Japan’s FTC is probing Apple over the way it sells iPhones in the country

Apple is under investigation for iPhone supply deals in Japan.

Reuters reported today that Japan’s Fair Trade Commission (FTC) is investigating the Cupertino firm over the way that it sells iPhones in the country, alleging that Apple abused its dominant market position as detailed in Japan’s Antimonopoly Act.

The country’s watchdog suspects that Apple may have exercised pressure on local suppliers in order to force them to sign deals that aren’t really favorable to them because the agreements require them to provide free technology and expertise to Apple’s affiliates.

Japan’s FTC survey of companies showed that Apple had signed contracts forcing firms to provide free technology and know-how to its affiliates for parts manufacturing, the Mainichi said.
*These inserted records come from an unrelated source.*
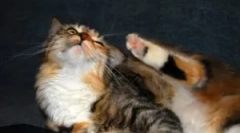 Hogyan és mit kell hozza a bolhákat egy házi macskából?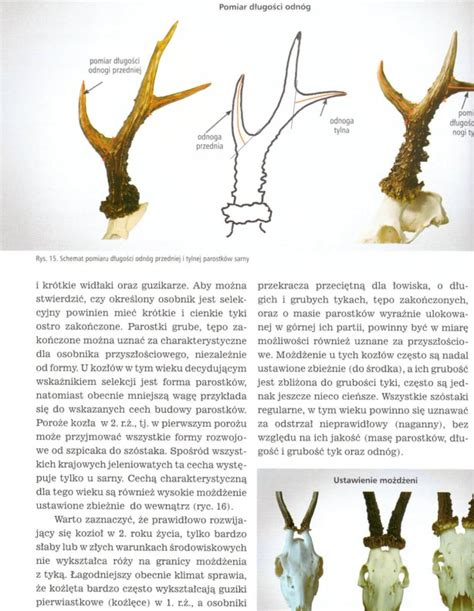 Podr Cznik Selekcjonera Jeleniowate I Muflon Dariusz Zalewski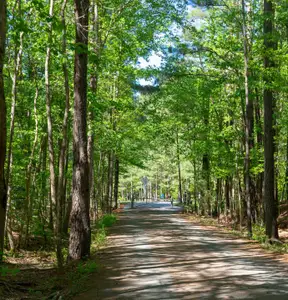 Summit At Homestead by Tri Pointe Homes in Chapel Hill - image 8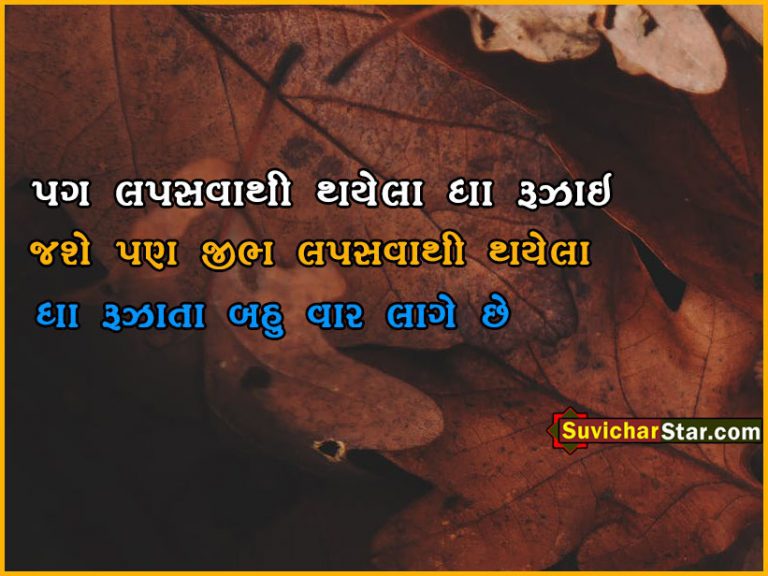 gujarati suvichr 02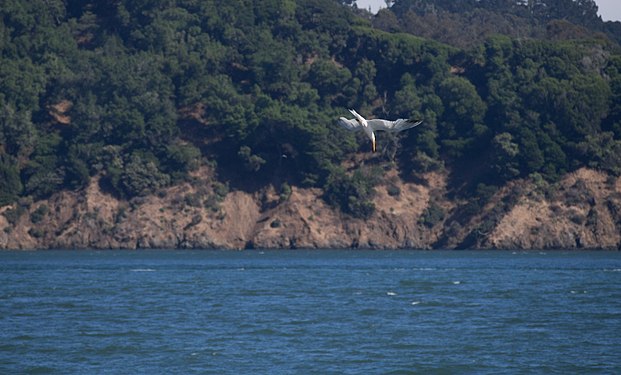 Elegant tern, Tiburon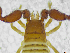  ( - BGE_00501_B12)  @11 [ ] Copyright (2024) Unspecified Croatian Biospeleological Society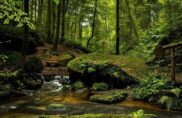 La forêt comme dernière demeure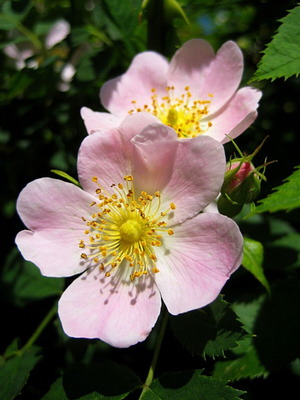 Wild Rose Rosa Canina Decorative Metal Sign 20x30cm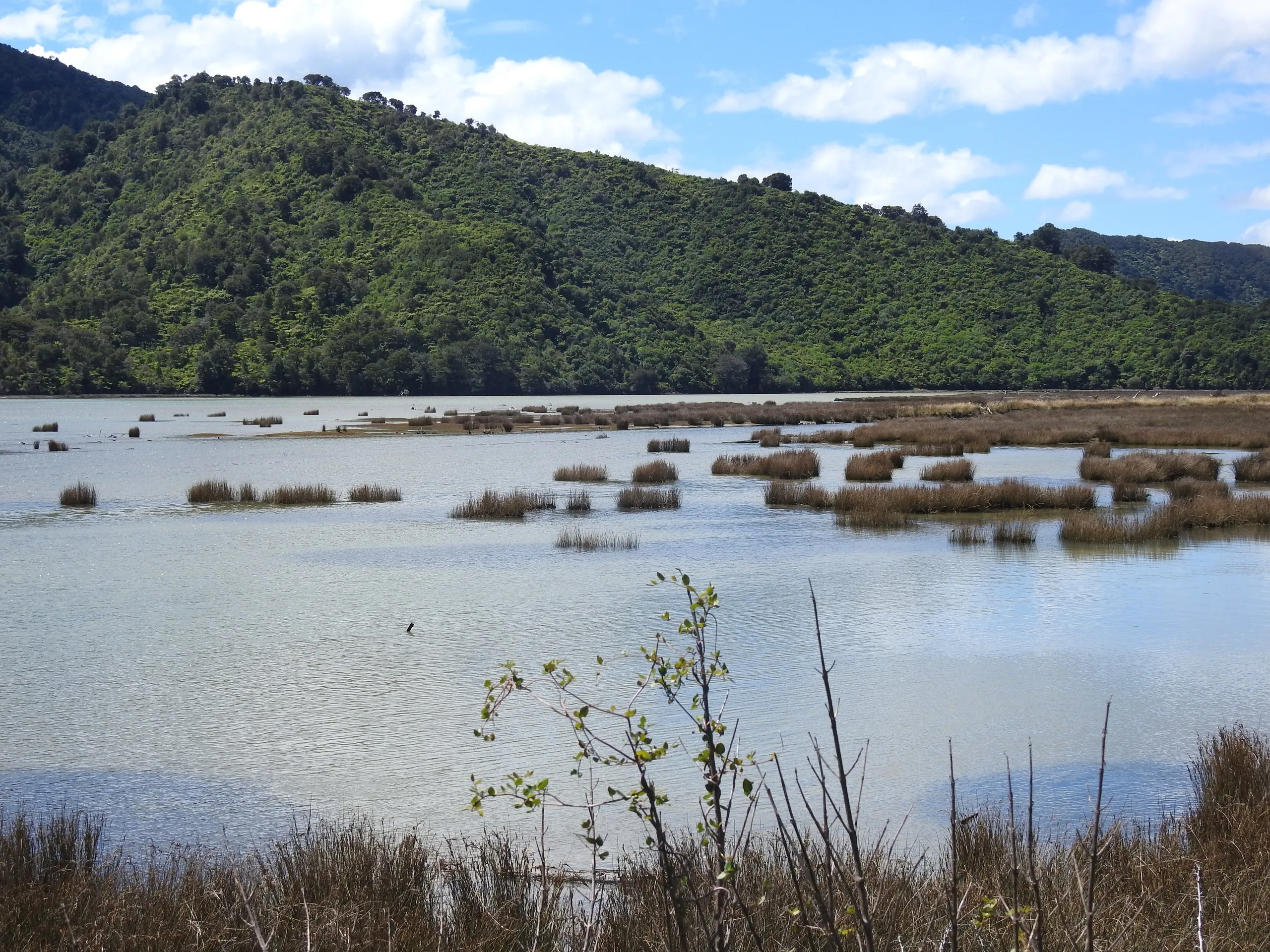 The calm blue water of the Sound, mirror-still and ringed by native bush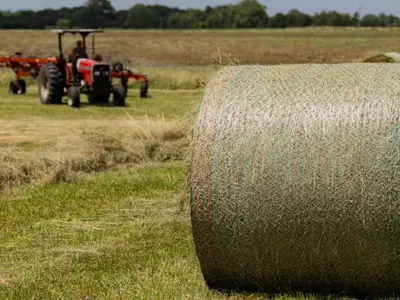 What Online Resources Explain How to Choose the...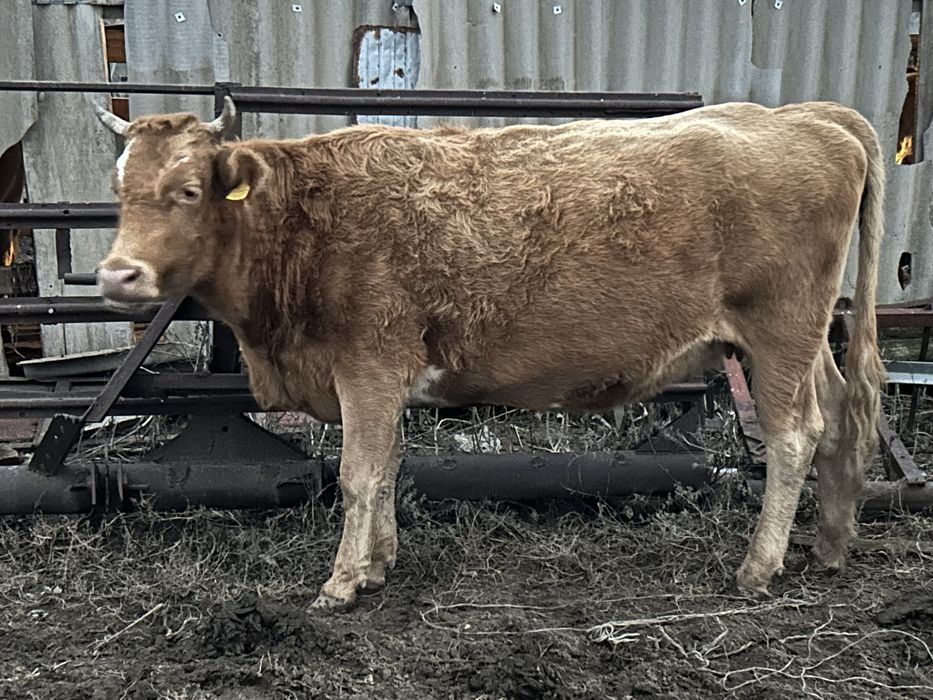 Сатылады соғымға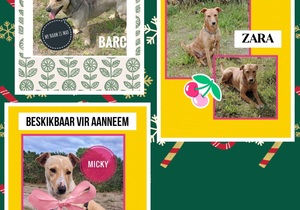 Find Your Furry Friend at BARC!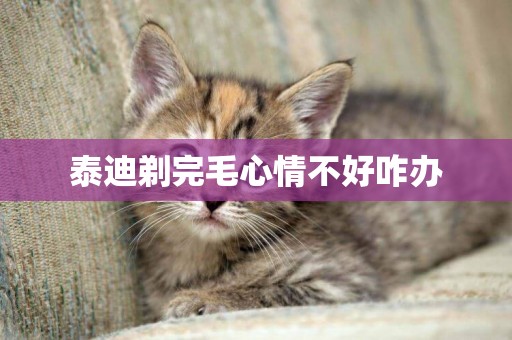 泰迪剃完毛心情不好咋辦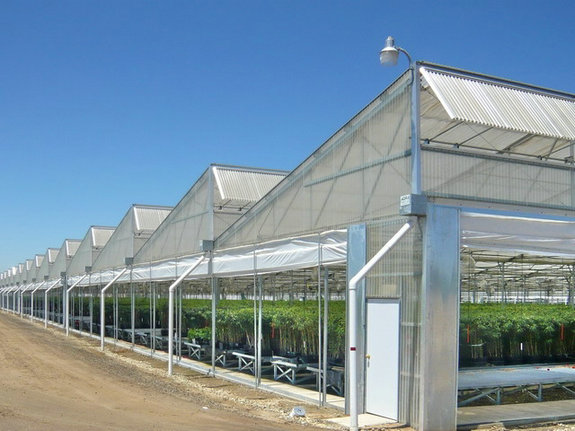 Steel structure agriculture building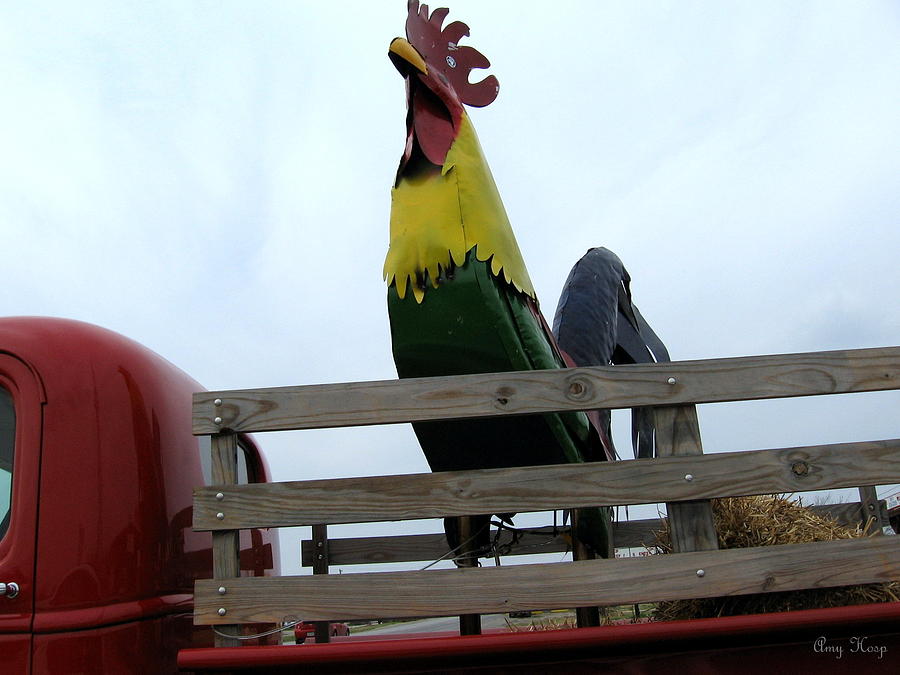 Big Rooster  Photograph by Amy Hosp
It also pressured some suppliers to lower components prices and prohibited them from selling parts and technology to other companies, while requiring them to shoulder the costs of any unforeseen issues.

Moreover, the iPhone deals apparently bar suppliers from selling to other firms. After one supplier called these terms an infringement on intellectual property rights, Apple threatened to end their business relationship, says the news gathering organization.

The report falls short of naming the suppliers involved in the complaint to the FTC.

The competition watchdog also probed the iPhone maker in 2018 over claims that it forced Yahoo Japan to slow the expansion of its own online games platform, supposedly because it competed with Apple’s own App Store and the upcoming game-subscriptions service Apple Arcade. In the US, as you know, pressure is mounting on the technology giant over allegations that the App Store policies give it too much control over app sales and in-app purchases.